Briggs went on to say in his comment that students, alumni, faculty, staff and board members were focus-grouped as a part of the branding process, and their reactions were positive when they saw the logo in context. He added alumni will be given the chance to learn more about the rebranding process in early January. He concluded his post by asking for the Berry community to give the college a second chance to reintroduce the logo along with context and strategy.
Around the time Briggs comment was posted on Facebook, change.org petitions was launched by an unnamed individual who is requesting Berry College change the logo and bring back its old one. The petition currently has garnered over 3,000 signatures in a week, which is well over the halfway mark to its goal of 5,000.
A more recent statement from Berry announced the new logo will be introduced on the website and in print materials over the next few months. The new logo is meant to compliment, not replace the Berry seal, it said. Another statement from Briggs was also included in the statement.
“In changing our logo, we regret not paying sufficient attention to how it should be introduced and used as an abbreviated mark for social media,” Briggs said. “As a result, there is understandable confusion about what is being replaced and the color palette available with the new mark. The new heritage logo replaces the ‘experience it firsthand’ and block Berry logo.”
Jonathan Purser, president of the Berry Alumni Council, said he thinks it is wise for an organization to rebrand itself every now and then in order to stay relevant to the audiences they are trying to reach.
“Folks have every right to be passionate about an institution they love,” he said.
Purser said he understands people are divided over this issue, mentioning he had dinner with a friend recently who disliked the logo, but feels there has been a misunderstanding.

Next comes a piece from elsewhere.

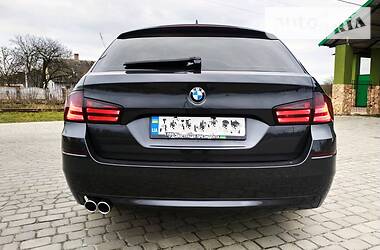Універсал BMW 5 Series 2010 в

Purser said he saw a presentation of the rebranding in the spring and fall and honestly believes the college is just rebranding to stay relevant. He feels if the introduction had been handled a little better there would not be as much opposition.
When signing the petition signers were able to express why they disliked the logo. Here are a few of complaints from the Return the Berry College Logo to its Previous State petition:
“As a Third Generation Berry Alumni, our family recognizes the Tradition and Legacy of our Berry heritage. Cartoon logos are fine for some of the sports programs, but for a school that is referred to by many as a Southern Ivy League school, we should stick with our traditional Logo,” Eric Kines wrote.
“I love Berry College and feel this logo looks cheap and cartoonish. The color combination is unsettling,” Meaghan Walters wrote.
“This logo does not represent Berry,” Fran Myers wrote.